We have never seen this particle. We do not know if it exists. That is one of the reasons for big experiments, like the Large Hadron Collider (shown above) at CERN. Physicists are trying to create situations where they can create and detect particles like the Higgs Boson. It takes a LOT of energy to do this and since we do not know exactly what this particle is like, it is difficult to try to measure it. In fact, up until recently (and even now), there are a number of physicists who think this theory is wrong. They believe that there are other, better explanations for how the universe works. We will not know for sure unless we find the Higgs boson…or we do not find it.

On July 4, 2012, scientists who work at the Large Hadron Collider announced to the public that they think they found the Higgs boson. There is still more work to be done, but they are seeing evidence in their experiments of a particle that acts just the way they think the Higgs boson would act.

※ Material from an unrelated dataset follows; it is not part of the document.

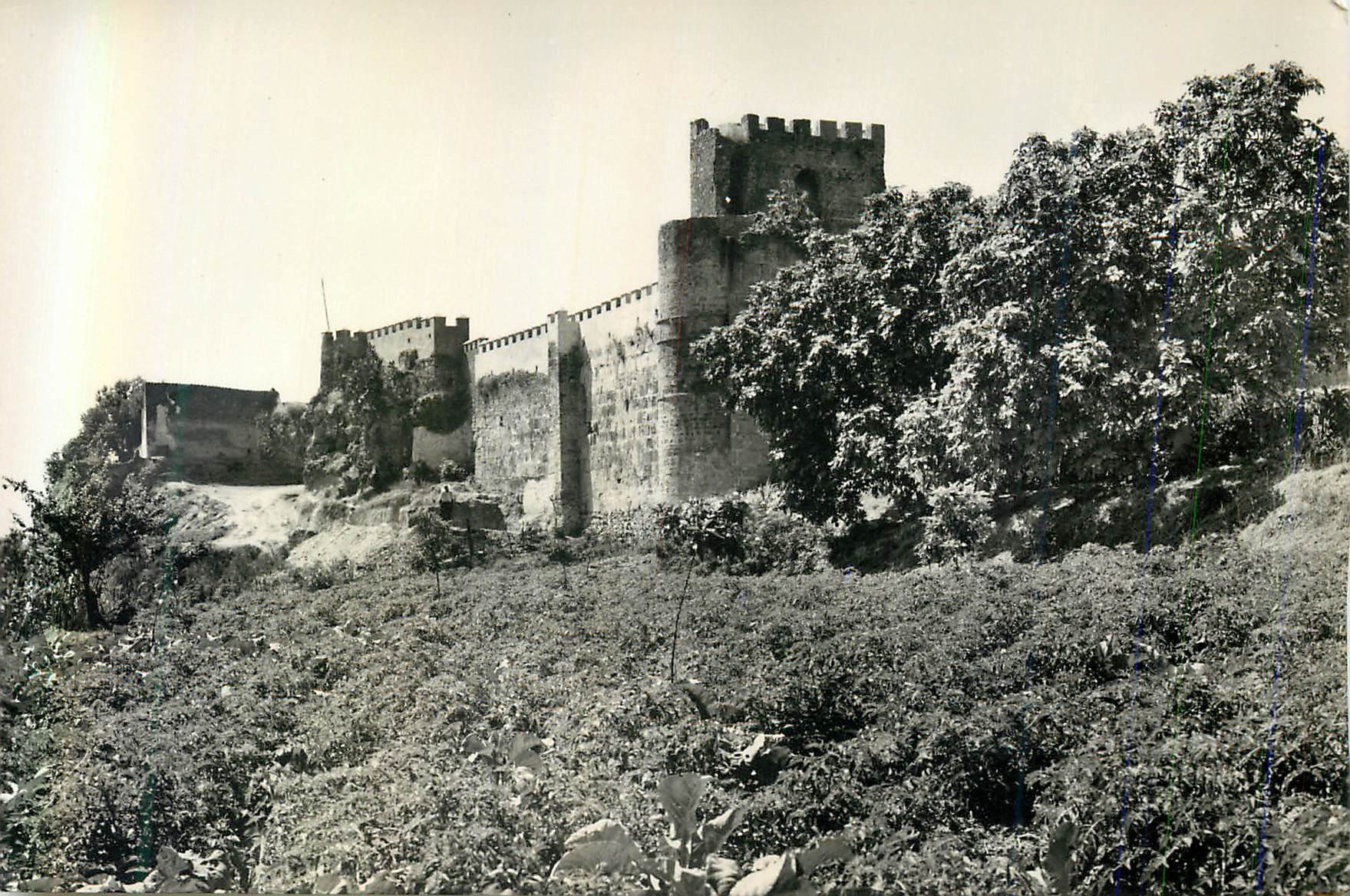CPM Marbella Vue du Chateau Arabe avant Fenicio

This is VERY exciting! If this particle exists, then maybe the theory is correct and we really can explain how the universe works! Well, I am sure there are more details to be discovered, but this is great progress in understanding the world we live in. This is a great accomplishment.

I think Stephen Hawking’s reaction to this event is interesting, though (BBC News):

“This is an important result and should earn Peter Higgs the Nobel Prize,” he told BBC News. “But it is a pity in a way because the great advances in physics have come from experiments that gave results we didn’t expect.”

I think many physicists study the universe as much to discover new mysteries as to solve them. (Or maybe Stephen Hawking is just upset about losing a bet).

References: I found most of the information on the Higgs boson and standard model on the CERN webpage.